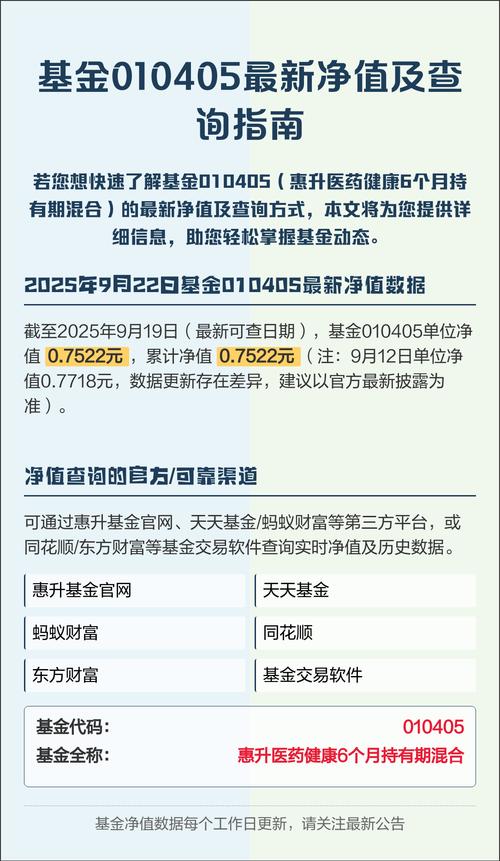 基金累计净值和单位净值有何区别？-第3张图片-华宇铭诚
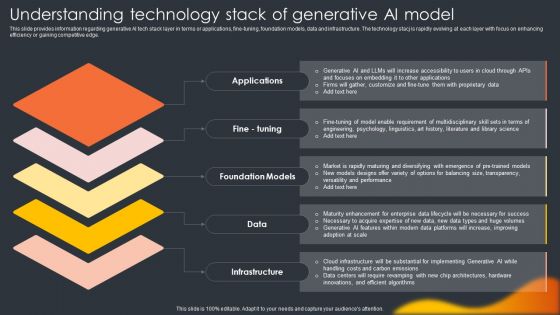 Understanding Technology Stack Of Generative Ai Model Generative Ai Artificial Intelligence AI SS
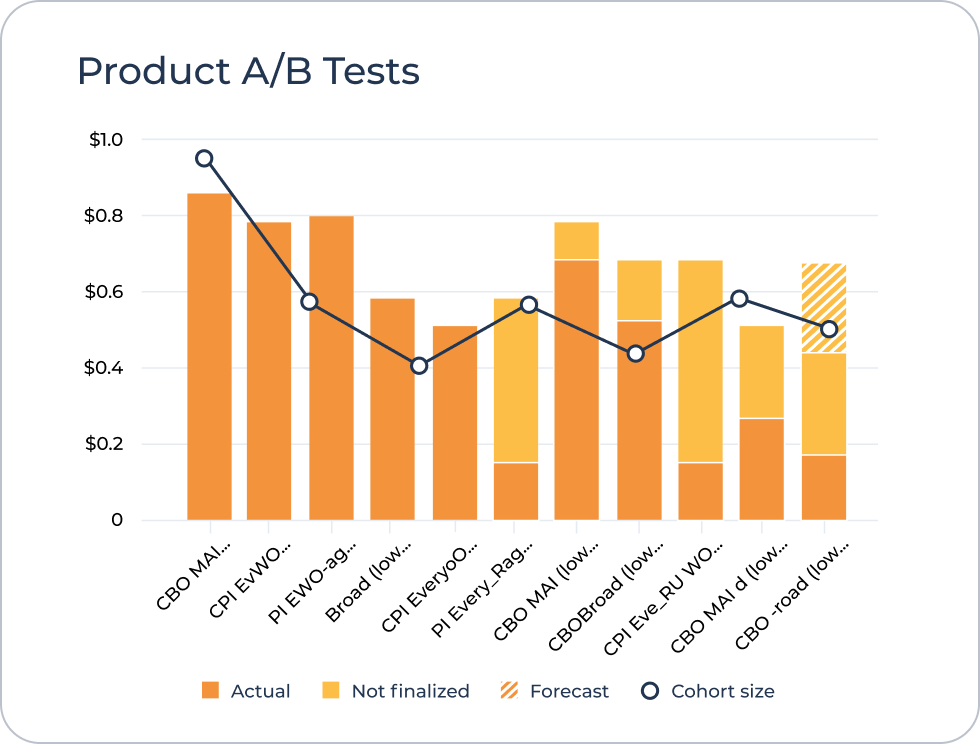 5b-ASO-Conversion-for-Indie-Devs-AB-Testing2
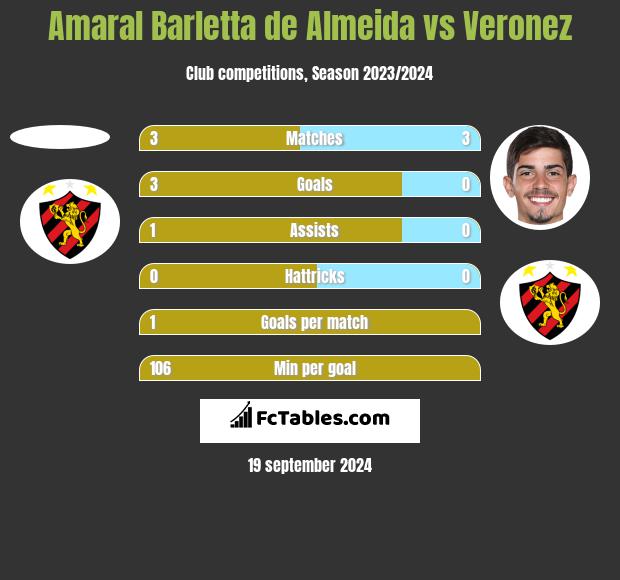 Amaral Barletta de Almeida vs Veronez h2h player stats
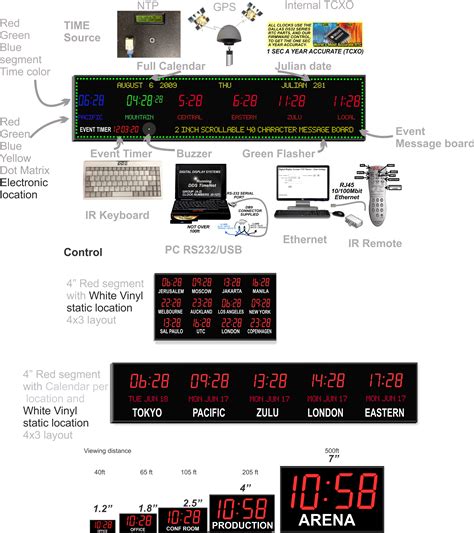 Request a DDS Time Zone Clock Quote | Digital Display Systems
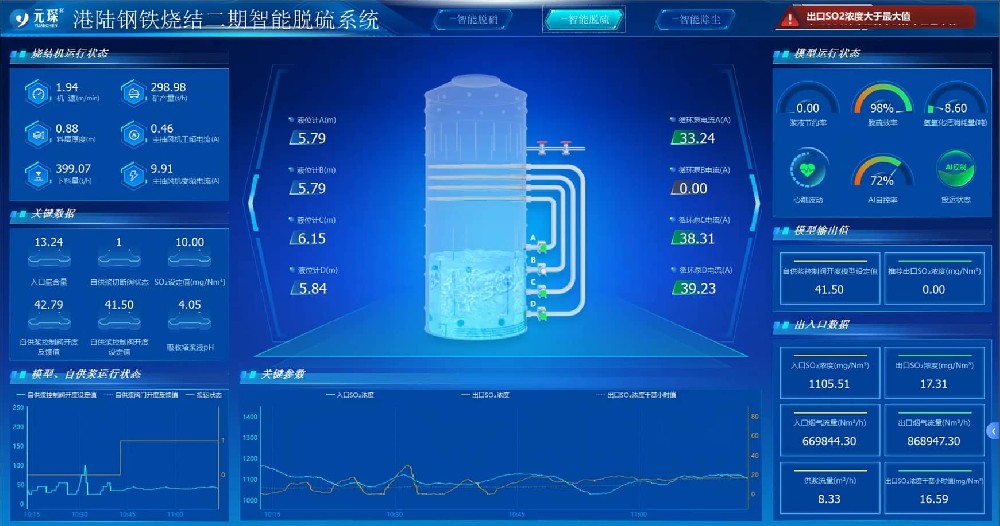 智慧环保岛管控系统：AI驱动的高效环保治理新标杆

===============

▶ **Work instruction**
Nothing but the lines from the line containing "Understanding Technology Stack" through the last line of the records above should be written out, exactly and without the pictures.

▶ **Result**
 Understanding Technology Stack Of Generative Ai Model Generative Ai Artificial Intelligence AI SS
 5b-ASO-Conversion-for-Indie-Devs-AB-Testing2
 Amaral Barletta de Almeida vs Veronez h2h player stats
 Request a DDS Time Zone Clock Quote | Digital Display Systems
 智慧环保岛管控系统：AI驱动的高效环保治理新标杆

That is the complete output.